Demi kesejahteraan buruh

Terpisah, Kepala Kantor Unit Penyelenggara Pelabuhan Kelas II Labuan Bajo, Simon B. Baon yang dikonfirmasi media ini mengemukakan pendangan berbeda. Simon menjelaskan, tarif bongkar muat di Pelabuhan Labuan Bajo tidak begitu mahal jika dibandingkan daerah lain.

Dia bansingkan, di Pelabuhan Kabupaten Ende, misalnya, tarif berkisar Rp 60.000, dan di Pelabuhan Makassar, sebesar Rp 70.000. Sementara di Pelabuhan Labuan Bajo sebesar Rp 52.000, padahal Pelabuhan Larantuka, Kabupaten Flores Timur sebagai acuan dasar perhitungan tarif Pelabuhan Labuan Bajo sebesar Rp 53.000.

“Yang mereka permasalahkan yakni koefisien sedang.

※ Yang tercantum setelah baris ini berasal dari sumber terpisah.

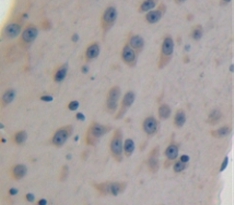 Polyclonal Antibody to LIM And Calponin Homology Domains Containing Protein 1 (LIMCH1)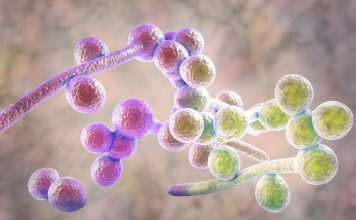 Du Candida à la candidose, mise à jour d’une maladie de civilisation du candida à la candidose : les remèdes naturels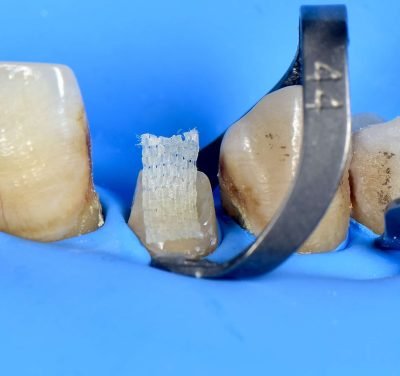 Step 6: Internal Reinforcement (Bio-Base Creation)
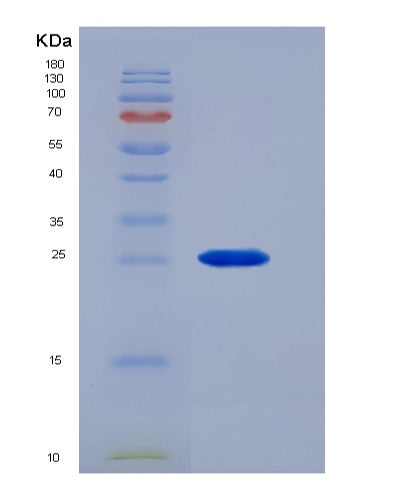 SDS-PAGE analysis of Mouse Csf1r (Macrophage Colony-Stimulating Factor 1 Receptor) - Recombinant Protein, CATMouse Csf1r (Macrophage Colony-Stimulating Factor 1 Receptor) - Recombinant Protein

Itu adalah rumus sesuai Keputusan Menteri Perhubungan No. 35 Tahun 2007,” terangnya.

Dia jelaskan, tarif OPP/OPT Pelabuhan Labuan Bajo ditetapkan, karena sejak beroperasi tahun 1994 lalu, belum mempunyai tarif dasar sesuai keputusan Menteri Perhubungan.

“Selama ini, yang diberlakukan hanya negosiasi antara pengusaha dan buruh, sehingga para buruh selalu dirugikan. Karena itu, penyelenggara pelabuhan mesti hadir sebagai pemerintah yang melihat dan mengakomodasi kepentingan kaum buruh dan hak-hak buruh sebagai tenaga kerja bongkar muat yang bekerja membantu para pengusaha,” terang Simon.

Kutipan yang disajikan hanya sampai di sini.